Here are the new timings for mpmath in Sage:

fredrik@scv:~/sage$ ./sage /home/fredrik/mp/mpmath/tests/extratest_zeta.py
399999999 156762524.675 ok = True (time = 1.144)
241389216 97490234.2277 ok = True (time = 9.271)
526196239 202950727.691 ok = True (time = 1.671)
542964976 209039046.579 ok = True (time = 1.189)
1048449112 388858885.231 ok = True (time = 1.774)
1048449113 388858885.384 ok = True (time = 1.604)
1048449114 388858886.002 ok = True (time = 2.096)
1048449115 388858886.002 ok = True (time = 2.587)
1048449116 388858886.691 ok = True (time = 1.546)

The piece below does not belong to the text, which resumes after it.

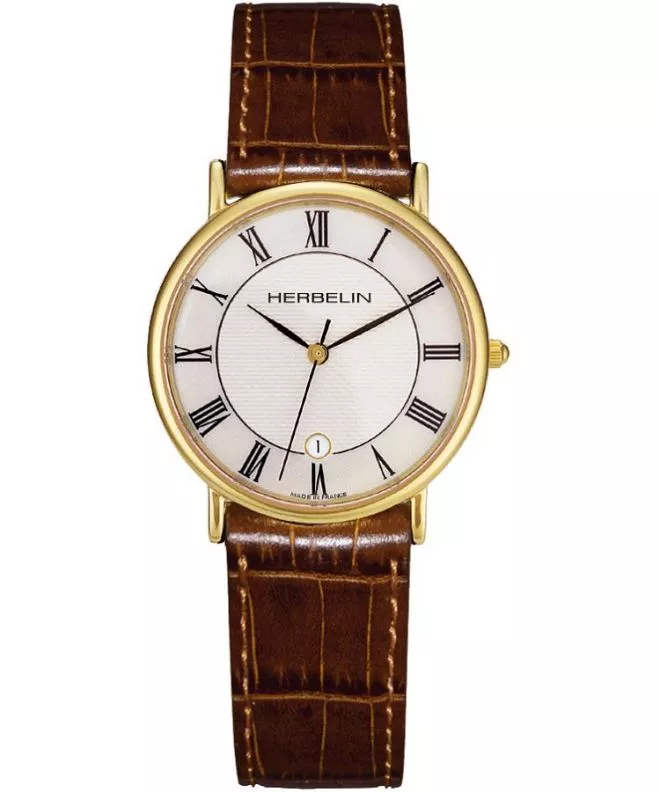 Часовник Дамски Herbelin Classique 12443P08MA (12443/P08GO)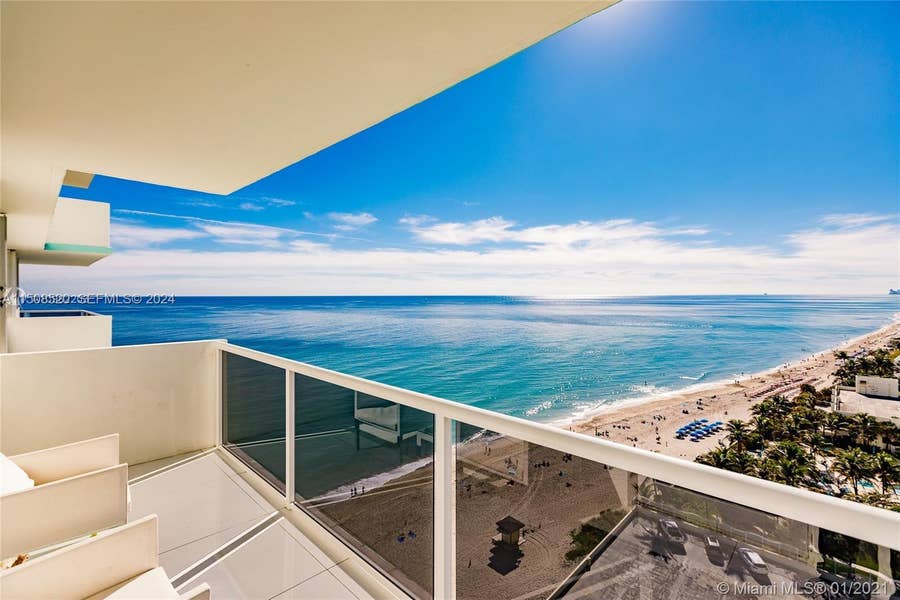 Property photo for 3725 S Ocean Drive, #1504, Hollywood, FL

This is mpmath in Sage with the new extension code disabled:

fredrik@scv:~/sage$ ./sage /home/fredrik/mp/mpmath/tests/extratest_zeta.py
399999999 156762524.675 ok = True (time = 2.352)
241389216 97490234.2277 ok = True (time = 14.088)
526196239 202950727.691 ok = True (time = 3.036)
542964976 209039046.579 ok = True (time = 2.104)
1048449112 388858885.231 ok = True (time = 3.707)
1048449113 388858885.384 ok = True (time = 3.283)
1048449114 388858886.002 ok = True (time = 4.444)
1048449115 388858886.002 ok = True (time = 5.592)
1048449116 388858886.691 ok = True (time = 3.101)

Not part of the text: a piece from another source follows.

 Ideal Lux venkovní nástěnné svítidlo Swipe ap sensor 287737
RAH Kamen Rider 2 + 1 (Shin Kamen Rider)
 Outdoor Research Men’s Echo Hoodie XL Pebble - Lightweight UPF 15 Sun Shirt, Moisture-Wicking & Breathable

This is mpmath in ordinary Python mode, using gmpy:

fredrik@scv:~/sage$ python /home/fredrik/mp/mpmath/tests/extratest_zeta.py
399999999 156762524.675 ok = True (time = 2.741)
241389216 97490234.2277 ok = True (time = 13.842)
526196239 202950727.691 ok = True (time = 3.124)
542964976 209039046.579 ok = True (time = 2.143)
1048449112 388858885.231 ok = True (time = 3.257)
1048449113 388858885.384 ok = True (time = 2.912)
1048449114 388858886.002 ok = True (time = 3.953)
1048449115 388858886.002 ok = True (time = 4.964)
1048449116 388858886.691 ok = True (time = 2.762)

With the new extension code, it appears that zeta computations are up to about twice as fast. This speedup could be made much larger as there still is a significant amount of Python overhead left to remove — also a project for the future.